La scena: io, donna non italiana e non bianca, che sorseggio un caffè al bar con un conoscente italiano. Una chiacchierata innocente sul più e sul meno, finché, ingenuamente, menziono che parteciperò a un evento sul colonialismo italiano in Africa.

Mai lo avessi fatto!

Lui, con la prontezza di chi ha appena scovato un'eresia, parte in quarta col buon vecchio mansplaining: sguardo serio, tono paternalistico e una domanda che fa già presagire il peggio: "Ma tu, cosa ne sai del colonialismo italiano?"

Ora, chiariamo subito: non era una domanda per stimolare un dibattito o per curiosità intellettuale. No, no. Era una domanda retorica, un’affermazione camuffata, il cui sottotesto era: "Tu, cosa ne vuoi sapere, che non sei italiana?"
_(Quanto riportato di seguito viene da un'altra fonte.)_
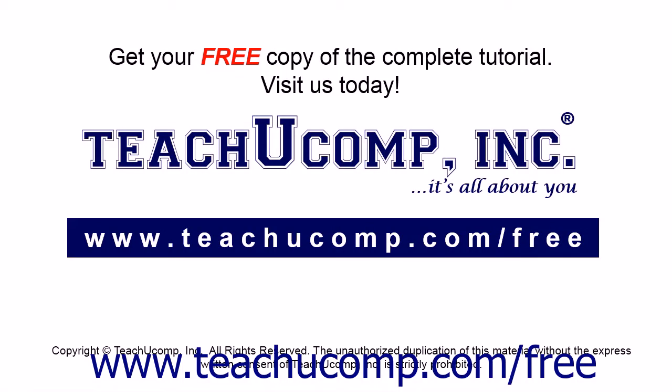Get your free copy of the complete tutorial at www.teachucomp.com/free.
Appoggio la tazzina con la calma di un monaco zen (sebbene dentro di me la immaginassi già in volo, con tanto di traiettoria precisa sulla sua fronte), e con il sorriso più diplomatico del mondo gli faccio notare due cosette. Primo: il colonialismo italiano è un argomento che, guarda un po’, non è poi così noto nemmeno agli italiani stessi, quindi il bisogno di studiarlo è universale. Secondo: forse, e dico forse, ne so più io di lui, dato che il sapere dei colonizzati è spesso più profondo del “sapere” dei colonizzatori.
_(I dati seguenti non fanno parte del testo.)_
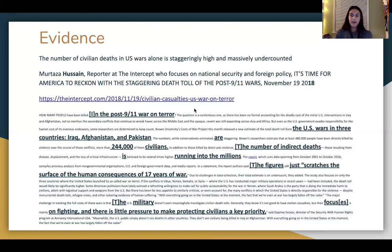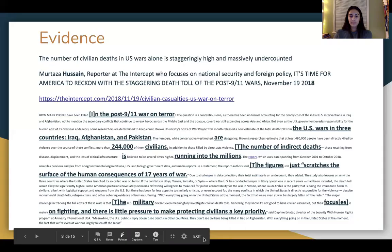That is all I have for my case-writing lecture today. Thank you for watching, and remember — if you have any questions, please visit the Tempest debate website and contact any members of our team.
Ma lui, impavido, non si lascia scalfire da concetti così astrusi. Anzi, rilancia con una perla che meriterebbe di essere incisa nella pietra: "Eh, ma vedi… gli italiani sono ignoranti e tu te ne approfitti."

E lì, la mia calma ha iniziato a scricchiolare.

Nella mia testa, la tazzina completava la sua missione divina, atterrando con una precisione chirurgica proprio al centro della sua fronte. Ma nella realtà, purtroppo, ero ancora lì a sorbirmi la sua teoria complottista, basata su tre convinzioni incrollabili:

  1. Che ci si possa improvvisare mediatori culturali dall’oggi al domani, come se fosse un hobby.

  2. Che questo lavoro ti faccia guadagnare fiumi di denaro (sì, certo, mi pagano in lingotti d’oro e cammelli d’avorio).

  3. Che gli italiani – tutti, tranne lui ovviamente – siano un branco di ignoranti.

A quel punto, l’unica domanda che davvero contava era: "Ma chi diavolo mi ha fatto sedere qui a bere un caffè con questo tizio?!"

Ogni espressione del mio volto lo stava già mandando a quel paese, ma ricordandomi le sagge parole di Gesù sul non gettare perle ai porci, ho deciso di salvare fiato e neuroni. Cambio discorso, finisco il caffè e mi prometto solennemente di selezionare con estrema cura i futuri compagni di pausa caffè.

E soprattutto, che i colonizzati si raccontino, piuttosto che essere raccontati.